*Work to complete*: Only the lines below from the one with "Chantelle Smooth Comfort" through the one with "Used Jinbei New" are to be written out, exactly and without any images.

*Material for this exercise*:
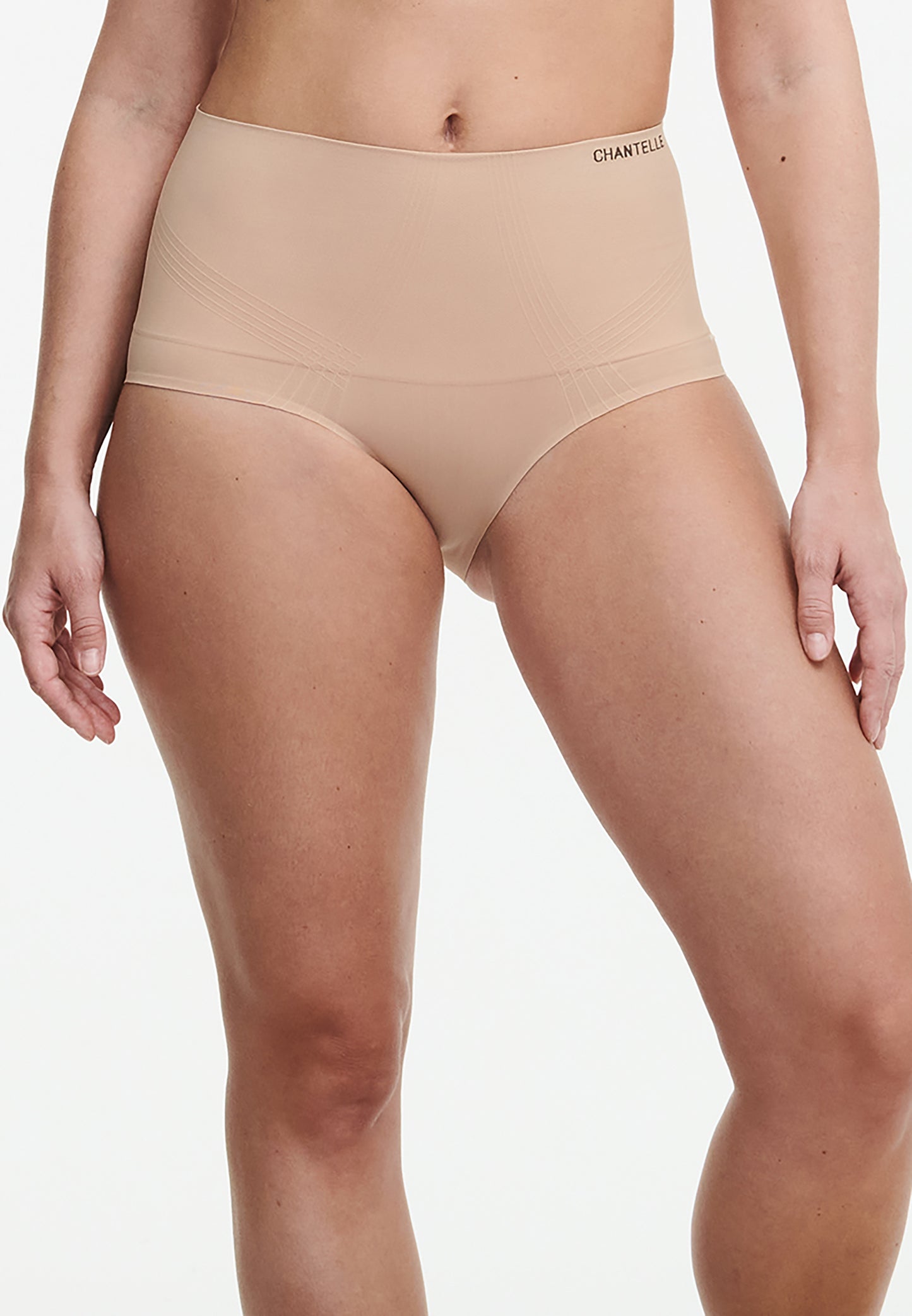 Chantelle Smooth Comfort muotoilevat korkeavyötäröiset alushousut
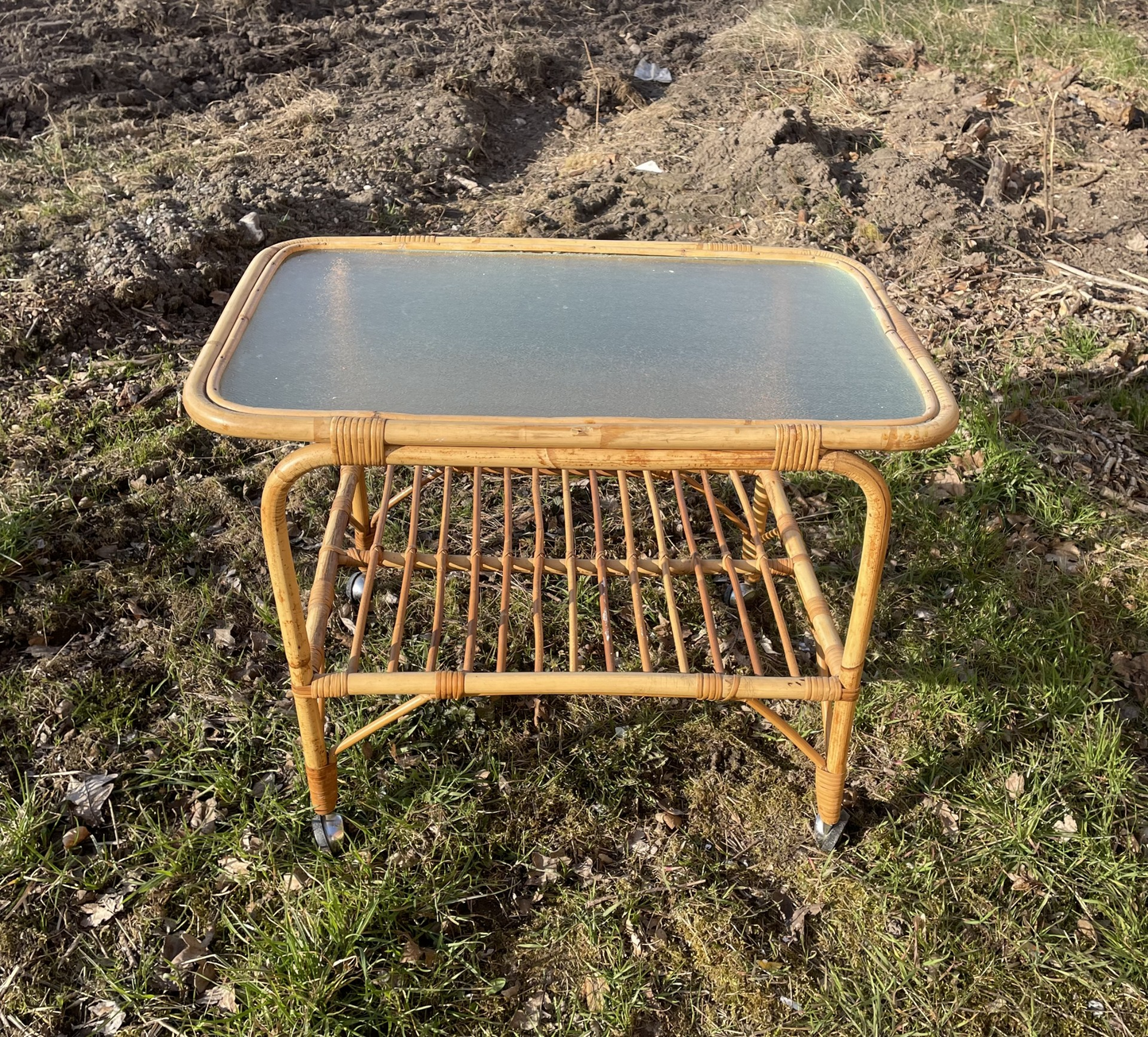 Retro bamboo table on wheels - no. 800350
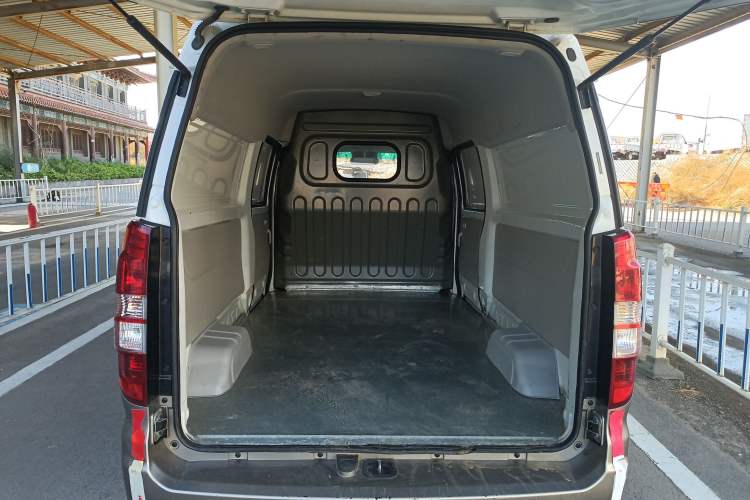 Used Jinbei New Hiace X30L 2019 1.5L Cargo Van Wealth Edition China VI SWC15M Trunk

* * *

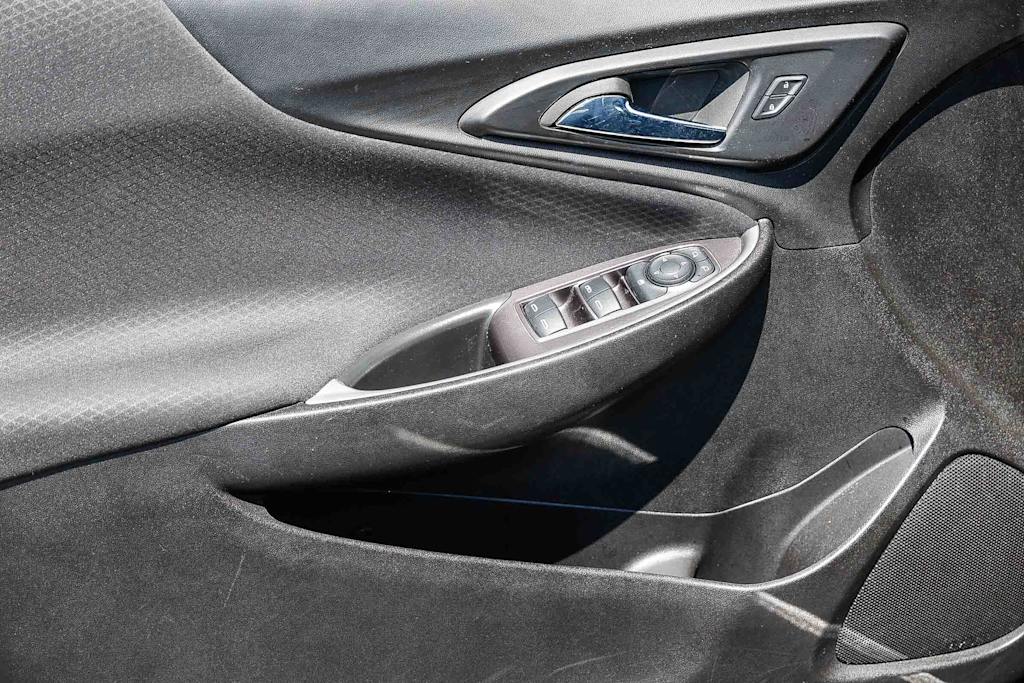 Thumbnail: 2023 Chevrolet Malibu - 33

---

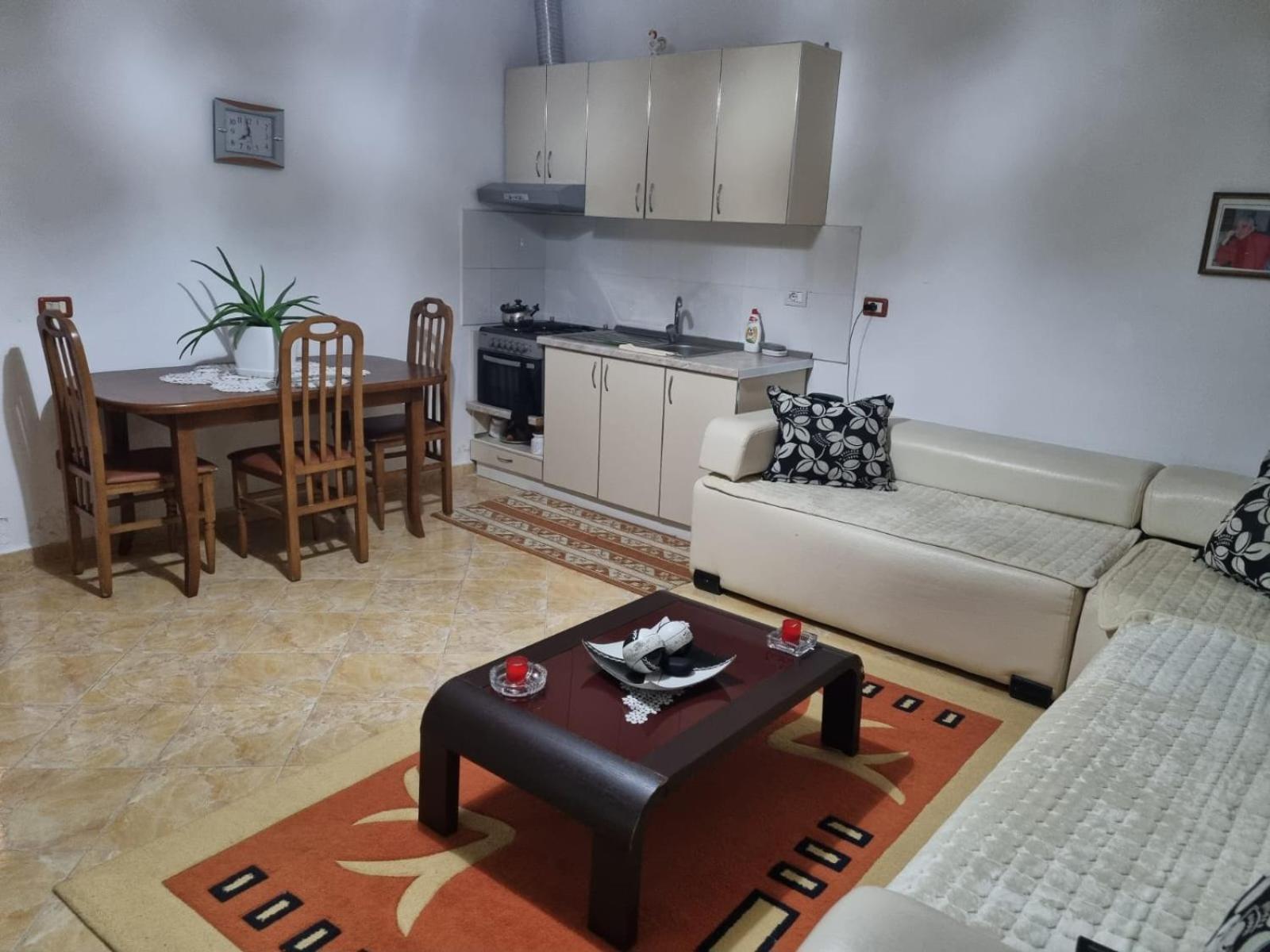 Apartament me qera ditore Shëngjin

*Result below*:
 Chantelle Smooth Comfort muotoilevat korkeavyötäröiset alushousut
 Retro bamboo table on wheels - no. 800350
 Used Jinbei New Hiace X30L 2019 1.5L Cargo Van Wealth Edition China VI SWC15M Trunk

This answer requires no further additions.